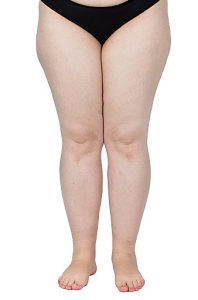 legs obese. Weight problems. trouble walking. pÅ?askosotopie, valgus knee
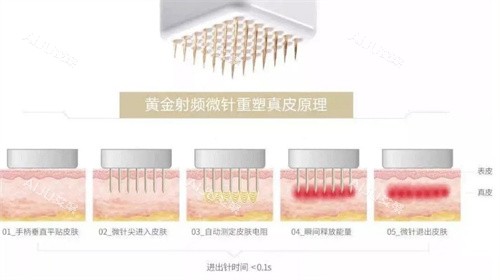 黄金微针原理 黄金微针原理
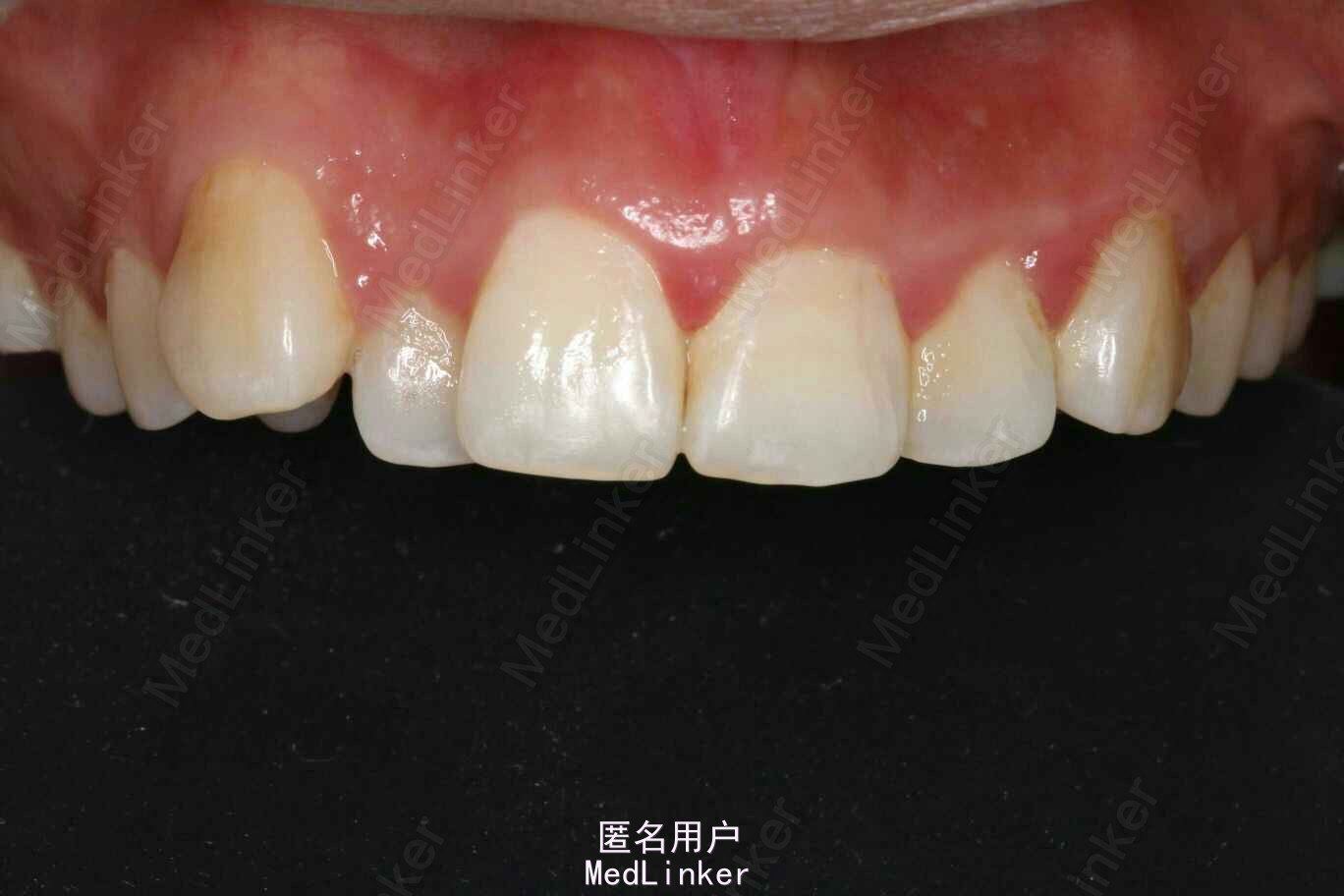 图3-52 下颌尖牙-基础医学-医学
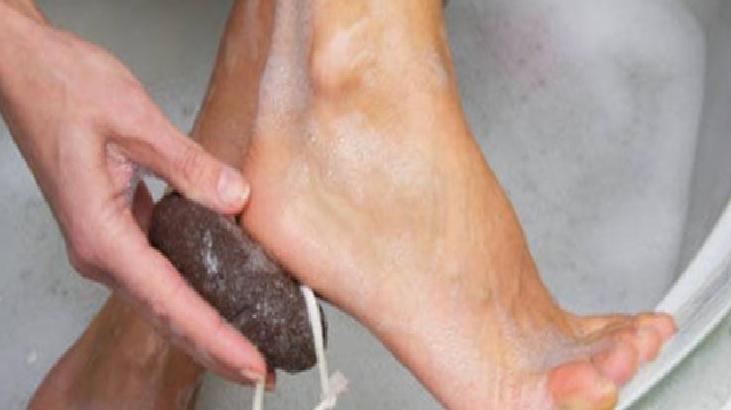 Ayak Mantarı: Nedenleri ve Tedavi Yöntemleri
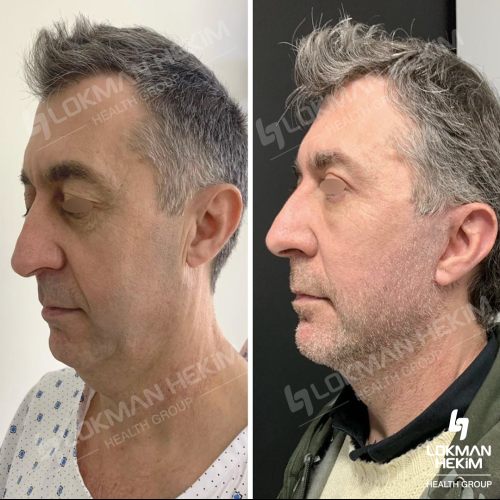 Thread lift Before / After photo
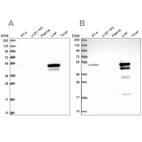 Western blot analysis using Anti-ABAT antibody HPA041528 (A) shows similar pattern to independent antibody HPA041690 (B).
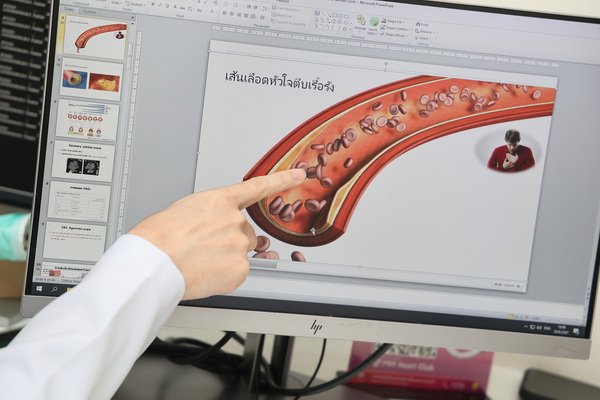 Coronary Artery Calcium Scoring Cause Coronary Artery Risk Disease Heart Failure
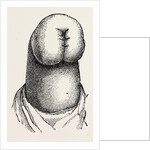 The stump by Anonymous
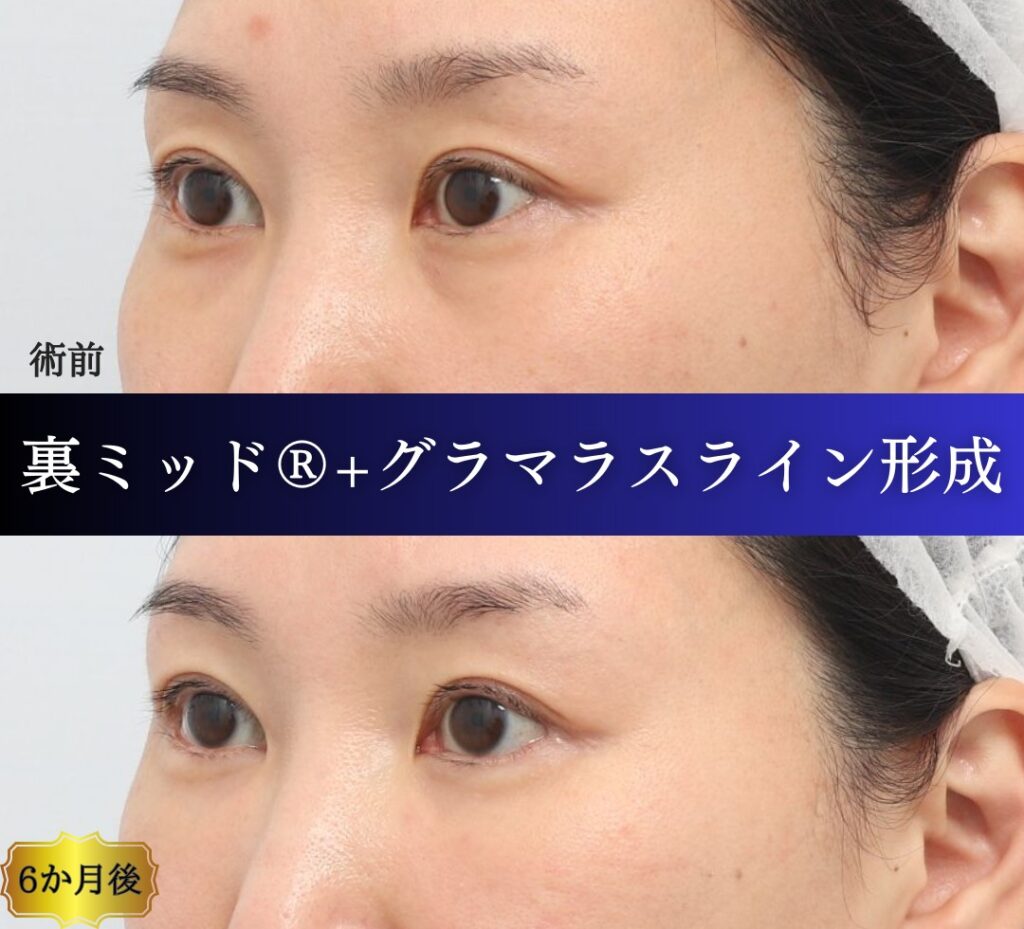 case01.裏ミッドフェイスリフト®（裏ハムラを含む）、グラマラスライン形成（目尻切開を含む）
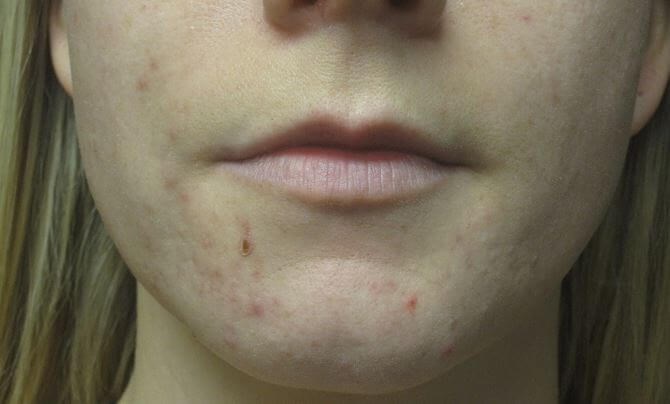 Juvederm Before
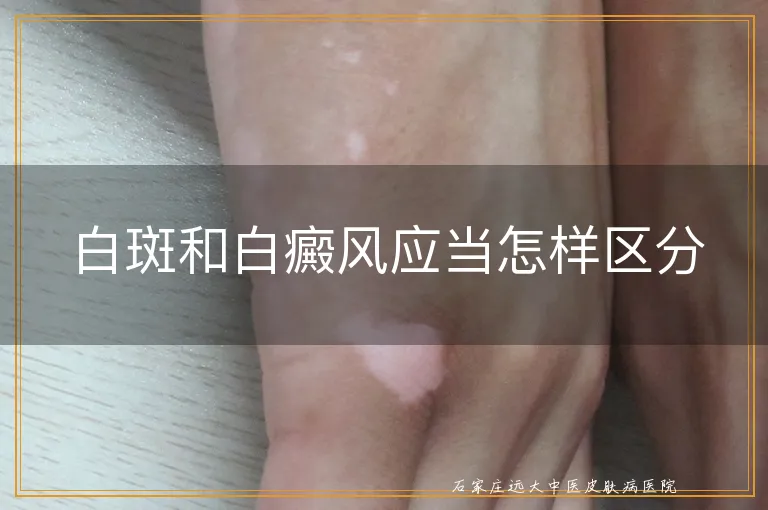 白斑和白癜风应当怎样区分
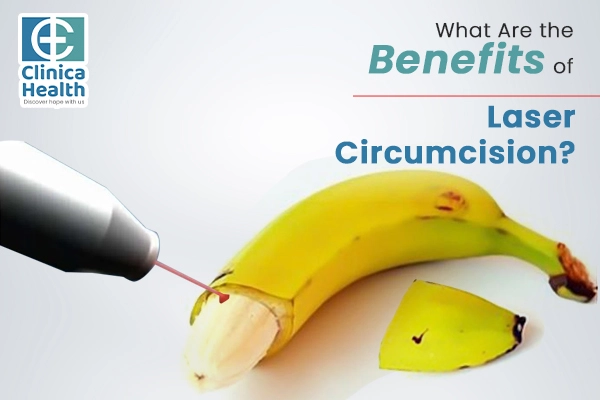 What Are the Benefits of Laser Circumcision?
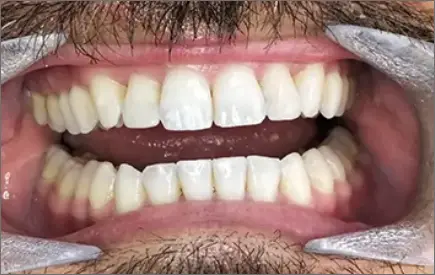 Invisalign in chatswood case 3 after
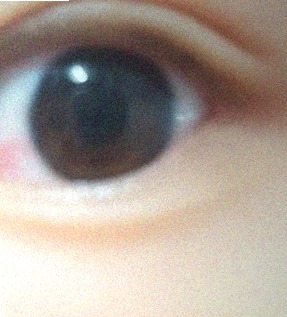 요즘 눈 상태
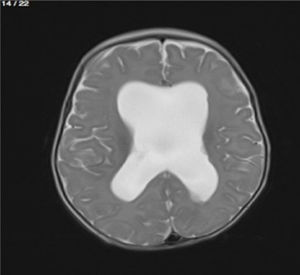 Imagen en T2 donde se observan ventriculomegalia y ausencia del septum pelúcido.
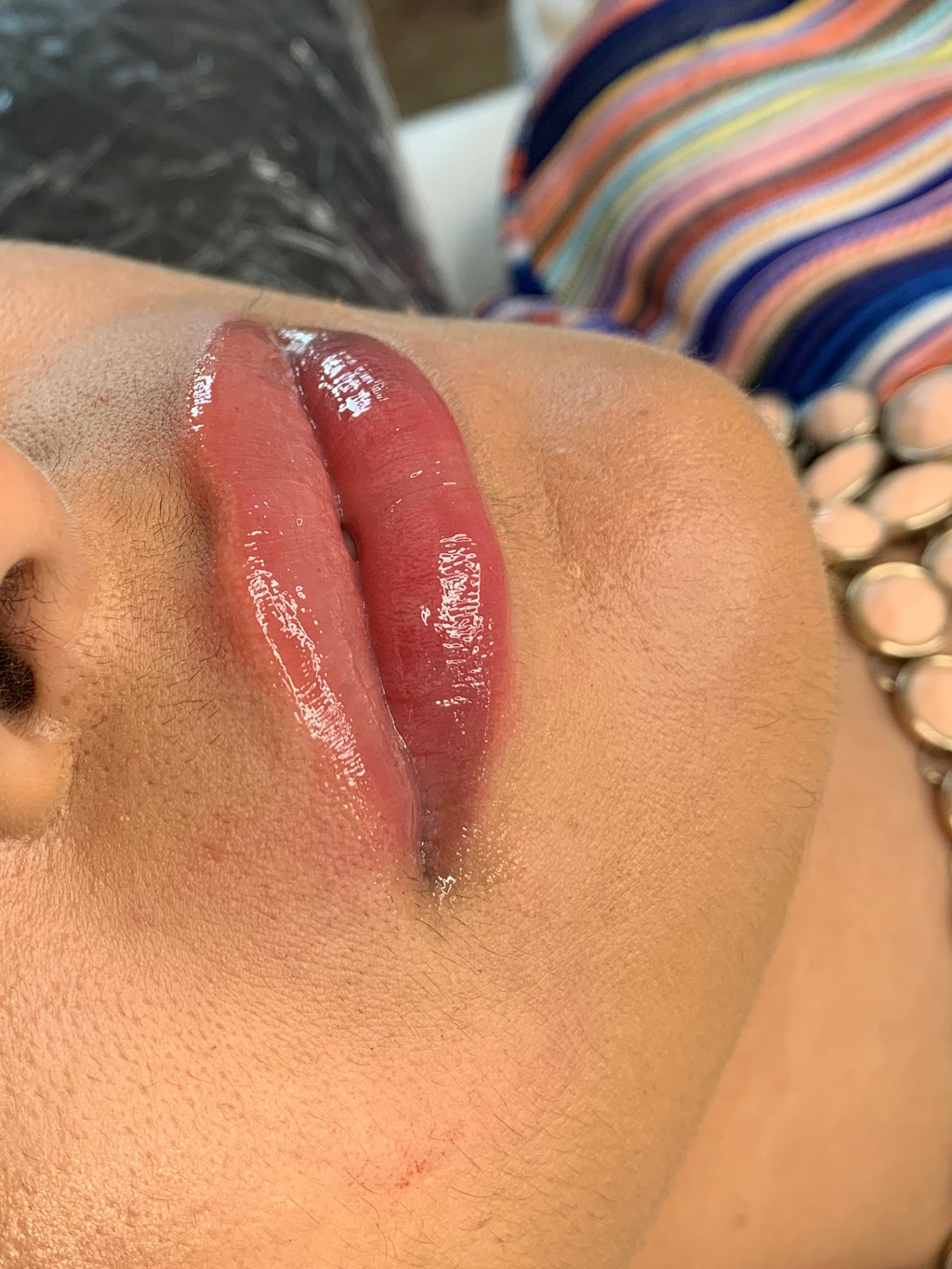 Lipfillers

* **PROBLEM TO WORK ON**
In the records above, find the line containing "Invisalign in chatswood case 3 after" and output every line from the first through that one, exactly, omitting pictures.

* **RESPONSE FOR THIS EXERCISE**
 legs obese. Weight problems. trouble walking. pÅ?askosotopie, valgus knee
 黄金微针原理 黄金微针原理
 图3-52 下颌尖牙-基础医学-医学
 Ayak Mantarı: Nedenleri ve Tedavi Yöntemleri
 Thread lift Before / After photo
 Western blot analysis using Anti-ABAT antibody HPA041528 (A) shows similar pattern to independent antibody HPA041690 (B).
 Coronary Artery Calcium Scoring Cause Coronary Artery Risk Disease Heart Failure
 The stump by Anonymous
 case01.裏ミッドフェイスリフト®（裏ハムラを含む）、グラマラスライン形成（目尻切開を含む）
 Juvederm Before
 白斑和白癜风应当怎样区分
 What Are the Benefits of Laser Circumcision?
 Invisalign in chatswood case 3 after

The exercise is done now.